A crux of contention between earlier legislative proposals and Dayton’s budget request was the approach investing in early education.
The bill would appropriate $117.3 million in combined school readiness and school readiness plus funding as well as $140.4 million for early learning scholarships.
An addition to the new proposal, school readiness plus programs would provide early learning opportunities to 4-year-olds who demonstrate one or more risk factors. A school district or charter school that did not apply to participate in a voluntary pre-k program would be able to apply for funding by July 1, 2017.
“It will be a great new option of resources for schools to apply,” Loon said of the idea brought forth by Education Commissioner Brenda Cassellius. “It was certainly what bridged the gap for an agreement to be reached.”
However, Rep. Jim Davnie (DFL-Mpls) expressed concern that it’s just one-time money.
“We’ll ask school districts to set up programs with no promise that two years from today they’ll have funding for those programs,” he said. “… That sense of urgency we should all feel needs to be built on smart strategies that we commit ourselves to and that we carry through. We don’t have that here. It requires persistence, not one-time money.”
The governor sought a $175 million increase in statewide voluntary pre-kindergarten program funding, which currently receives $25 million in base funding and serves an estimated 3,300 4-year-olds at 74 school districts.
Supporters say scholarship and tax credit funding provides a targeted approach to reach students in need, but opponents contend the move could create a “voucher system" that further perpetuates inequity.
The bill contains $136 million over the biennium for the teacher licensure system overhaul implementation and Professional Educator Licensing and Standards Board administration. Sponsored by Erickson and Sen. Eric Pratt (R-Prior Lake), it was vetoed as a standalone bill during the regular session due in part to a lack of provided funding.

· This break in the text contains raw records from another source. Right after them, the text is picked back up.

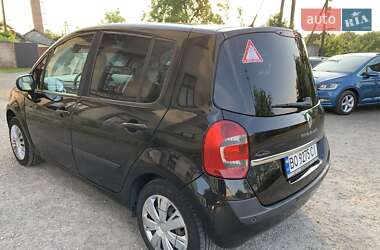 Хэтчбек Renault Modus 2009 в 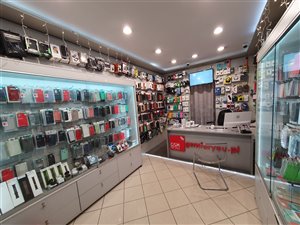 Sprzedam działający sklep GSM z serwisem w centrum Warszawy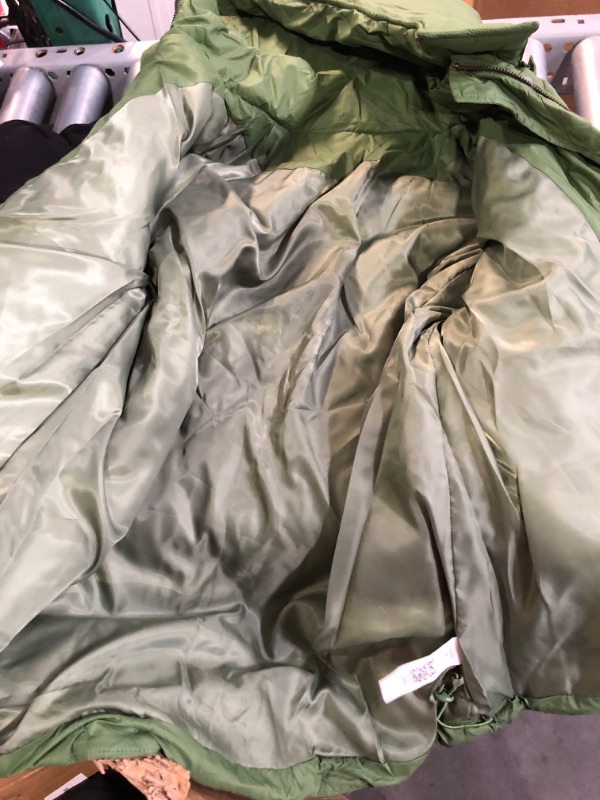 Photo 1 of (small)(used) Dellytop Womens Zipper Hooded Puffer Jacket Long Sleeve Winter Warm Down Coats with Pockets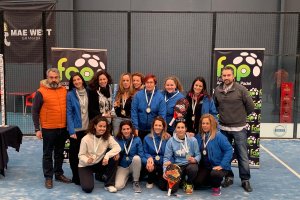 Foto de familia del equipo.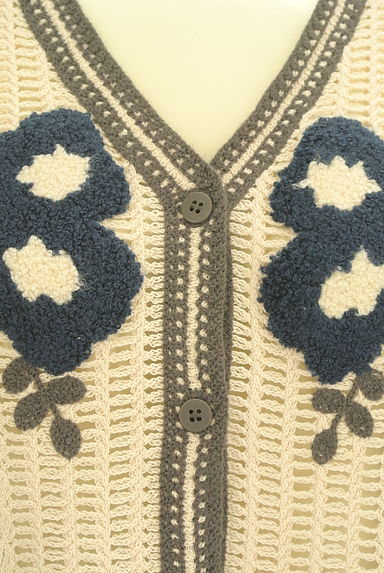 SM2（サマンサモスモス）の古着「花刺繍透かし編みニットベスト（ベスト・ジレ）」大画像４へ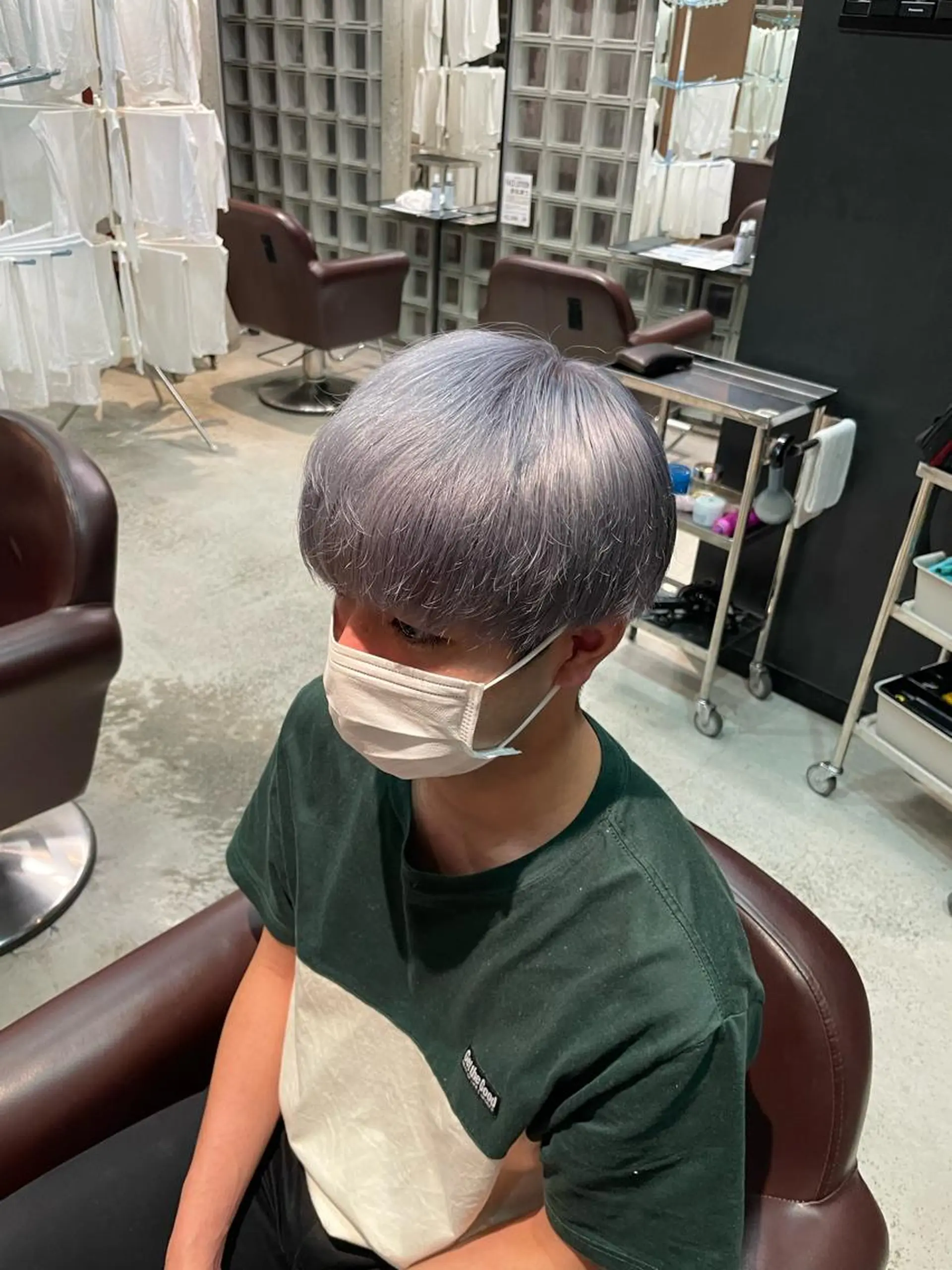 カラー ブリーチ シルバー 🌀パーマ特化 美容師🌀/しゅんのヘアスタイル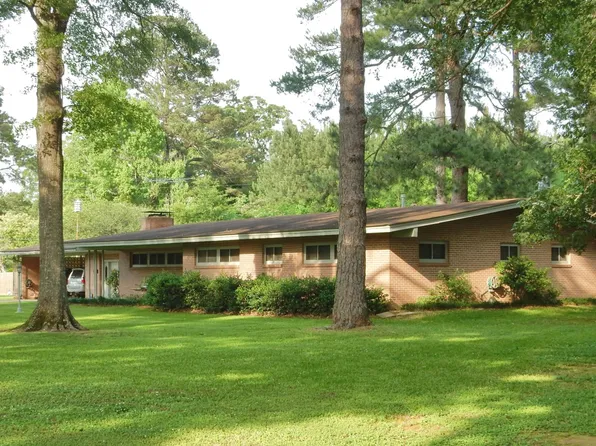 1015 Highland Dr, Mansfield, LA 71052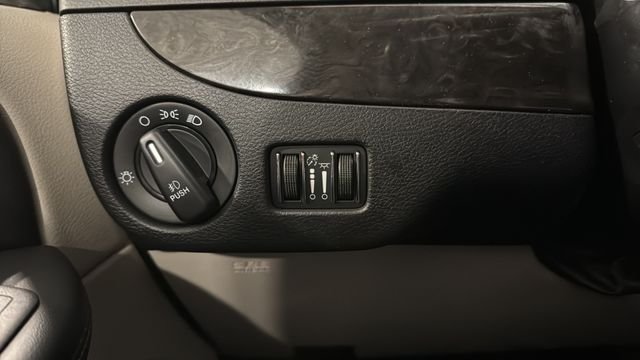Used 2019 Indigo Blue Clearcoat Dodge  image 22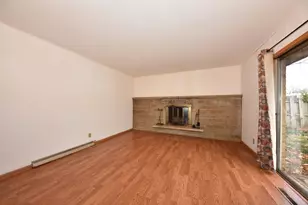 8115 W Acacia St, Milwaukee, WI 53223 - Photo 14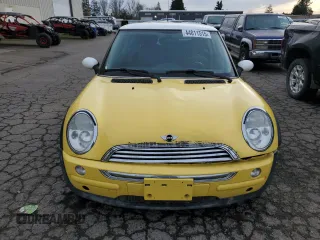 2003 MINI Hardtop z VIN WMWRC33473TE17827, wystawiony jako Copart lot #44011515 z przebiegiem 119 042 mil mil oraz Szkoda całkowita • Salvage title. Historia ofert i sprzedaży dostępna na DreamBid. Obrazek 5.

“We have met some of the concerns of the governor, and we’re glad we can help get this passed,” Loon said.
Controversial provisions still in the bill would require school boards to negotiate unrequested leave of absence plans with teacher representatives (and prohibit them from using seniority as a criteria for recall) as well as a $15.1 million appropriation fund the Perpich Center for Arts Education.
Loon said reforms are included to address some findings of a negative legislative audit of the center, including increased reporting requirements.